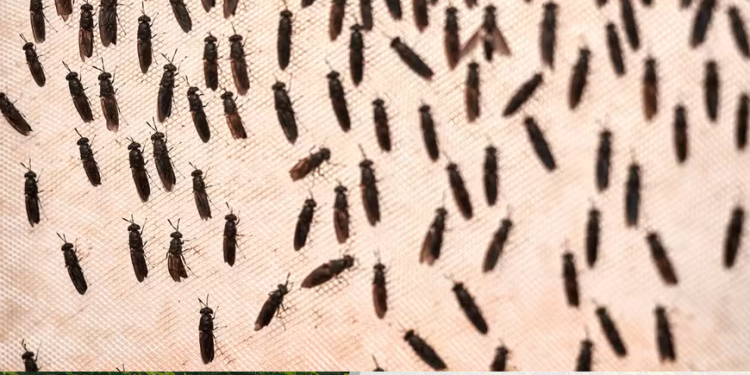 Conheça o inseto que come lixo e alimenta o futuro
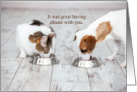 Thank You for Dinner Cat and Dog Eating Together card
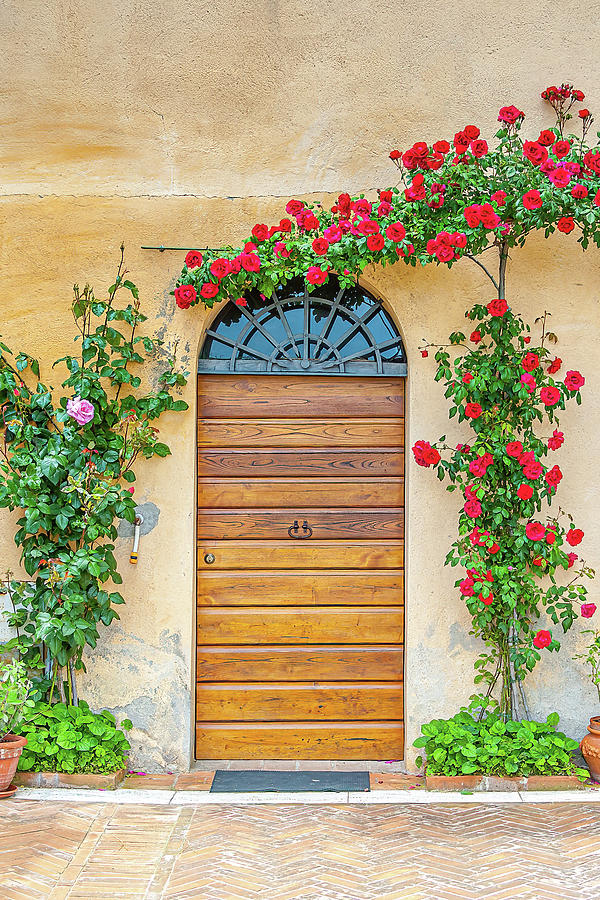 Italian Door Photograph - Red Rose Door by Marla Brown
□ □ □ □
- _EXERCISE_
Copy out every line of the material above exactly, skipping the pictures.

- _RESPONSE TO THIS TASK_
 Conheça o inseto que come lixo e alimenta o futuro
 Thank You for Dinner Cat and Dog Eating Together card
 Italian Door Photograph - Red Rose Door by Marla Brown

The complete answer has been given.